現場の規模が拡大傾向にある会社では、将来の監理技術者確保を見据えて、社員に1級施工管理技士の取得を計画的に促すことが経営上の重要課題になっています。
| 主任技術者 | 監理技術者 | |
|---|---|---|
| 必要な許可種別 | 一般建設業 | 特定建設業 |
| 実務経験のみでなれるか | ✅ なれる(10年以上) | ❌ 指定7業種はなれない |
| 資格者証の取得 | 不要 | 必要(監理技術者資格者証) |
| 講習の受講 | 不要 | 必要(5年以内の受講が条件) |
| 配置義務が発生する下請発注額 | 4,500万円未満の元請現場 | 4,500万円以上の元請現場 |
主任技術者の配置義務と「専任」の意味を混同していると、法令違反につながります。

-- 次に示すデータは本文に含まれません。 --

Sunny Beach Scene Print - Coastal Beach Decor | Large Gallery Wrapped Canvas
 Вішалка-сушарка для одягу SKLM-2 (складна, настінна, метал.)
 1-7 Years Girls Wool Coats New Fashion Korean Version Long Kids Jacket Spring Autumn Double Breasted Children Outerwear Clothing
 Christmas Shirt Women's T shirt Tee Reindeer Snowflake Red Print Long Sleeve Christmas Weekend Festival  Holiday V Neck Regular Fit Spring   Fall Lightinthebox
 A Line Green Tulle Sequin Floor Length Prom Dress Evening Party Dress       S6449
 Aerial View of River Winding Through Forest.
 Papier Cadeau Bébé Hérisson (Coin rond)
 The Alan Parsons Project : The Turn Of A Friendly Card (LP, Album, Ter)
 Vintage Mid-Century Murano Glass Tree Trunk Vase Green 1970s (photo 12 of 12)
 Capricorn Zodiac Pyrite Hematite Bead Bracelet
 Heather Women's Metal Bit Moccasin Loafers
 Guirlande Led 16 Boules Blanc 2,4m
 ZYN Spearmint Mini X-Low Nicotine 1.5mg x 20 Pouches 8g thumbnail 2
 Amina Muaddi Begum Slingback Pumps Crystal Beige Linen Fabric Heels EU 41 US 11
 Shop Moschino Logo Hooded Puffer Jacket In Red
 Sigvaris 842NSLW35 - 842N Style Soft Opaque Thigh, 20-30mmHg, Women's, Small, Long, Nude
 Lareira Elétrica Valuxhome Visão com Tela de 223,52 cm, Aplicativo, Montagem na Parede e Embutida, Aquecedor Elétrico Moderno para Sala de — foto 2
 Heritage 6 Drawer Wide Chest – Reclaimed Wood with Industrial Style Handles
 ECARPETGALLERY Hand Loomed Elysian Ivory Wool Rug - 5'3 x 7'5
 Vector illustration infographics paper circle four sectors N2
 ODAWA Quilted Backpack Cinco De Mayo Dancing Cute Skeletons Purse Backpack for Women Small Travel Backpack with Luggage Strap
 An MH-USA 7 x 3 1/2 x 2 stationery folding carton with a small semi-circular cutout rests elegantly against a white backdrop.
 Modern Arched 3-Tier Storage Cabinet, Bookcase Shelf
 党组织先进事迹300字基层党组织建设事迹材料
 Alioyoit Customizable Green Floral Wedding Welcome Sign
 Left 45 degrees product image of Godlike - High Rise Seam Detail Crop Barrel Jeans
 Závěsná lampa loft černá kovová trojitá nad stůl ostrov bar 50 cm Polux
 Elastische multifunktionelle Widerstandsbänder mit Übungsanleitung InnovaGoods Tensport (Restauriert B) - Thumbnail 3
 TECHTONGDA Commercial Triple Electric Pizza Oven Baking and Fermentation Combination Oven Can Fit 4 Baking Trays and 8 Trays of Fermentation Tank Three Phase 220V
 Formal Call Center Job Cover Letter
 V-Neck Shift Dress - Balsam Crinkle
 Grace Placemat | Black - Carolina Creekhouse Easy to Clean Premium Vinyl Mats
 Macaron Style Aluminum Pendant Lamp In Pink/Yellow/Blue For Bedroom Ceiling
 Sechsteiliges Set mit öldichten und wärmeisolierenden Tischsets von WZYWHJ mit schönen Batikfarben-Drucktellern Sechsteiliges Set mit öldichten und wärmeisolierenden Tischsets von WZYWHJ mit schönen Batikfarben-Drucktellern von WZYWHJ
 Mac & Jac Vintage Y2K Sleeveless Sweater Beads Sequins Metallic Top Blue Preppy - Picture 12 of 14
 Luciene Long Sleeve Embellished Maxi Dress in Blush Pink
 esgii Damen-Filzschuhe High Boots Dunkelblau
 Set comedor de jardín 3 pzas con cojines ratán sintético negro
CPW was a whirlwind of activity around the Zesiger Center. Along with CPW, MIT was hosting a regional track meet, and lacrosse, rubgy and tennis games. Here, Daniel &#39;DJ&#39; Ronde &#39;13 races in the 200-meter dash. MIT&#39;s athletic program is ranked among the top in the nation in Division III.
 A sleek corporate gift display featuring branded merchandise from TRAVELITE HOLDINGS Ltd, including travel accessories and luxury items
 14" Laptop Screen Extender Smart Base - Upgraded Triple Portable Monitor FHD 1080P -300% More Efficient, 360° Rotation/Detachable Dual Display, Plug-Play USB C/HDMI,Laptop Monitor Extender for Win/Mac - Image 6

これは現場停止や建設業許可の取り消しにまで発展しうる重大な問題です。
建設業法では、公共性のある施設・工作物に関する工事で、請負金額が4,000万円以上(建築一式工事は8,000万円以上)の場合、主任技術者は「専任」で置かなければなりません。専任とは、「常時その現場に従事し、他の工事現場の主任技術者との兼務を原則として行わないこと」を意味します。
「複数の現場を掛け持ちしていたが特に問題なかった」という経験をお持ちの方もいるかもしれません。ただし請負金額の要件を超えた現場では、法律上は明確な違反状態です。
国土交通省の通知(令和2年10月1日付)により、一定の条件のもとで主任技術者の兼務が緩和された「特例」が設けられました。具体的には、①工事現場の距離が近接していること、②発注者が特定の者(同一発注者や密接な関係のある発注者)であること、③施工時期がずれていることなどの条件を同時に満たす場合に限り、兼務が認められるようになっています。条件が重なる場合のみ使える例外です。
また2021年4月の建設業法改正で「技術検定合格者の活用」や「ICT活用による遠隔管理」に関する規定も見直され、監理技術者補佐を置いた場合には監理技術者の兼務が認められるようになりました。ただしこれは監理技術者の話であり、主任技術者の専任緩和とは別の話です。混同しないように注意が必要です。
現場の請負金額が4,000万円(建築一式は8,000万円)に近づいてきた段階で、主任技術者の専任配置の可否を確認しておくことが大切です。専任技術者を複数確保できていない会社では、受注できる現場に実質的な上限が生じることになります。採用・資格取得支援を計画的に進めることが、受注機会の損失を防ぐ最善策です。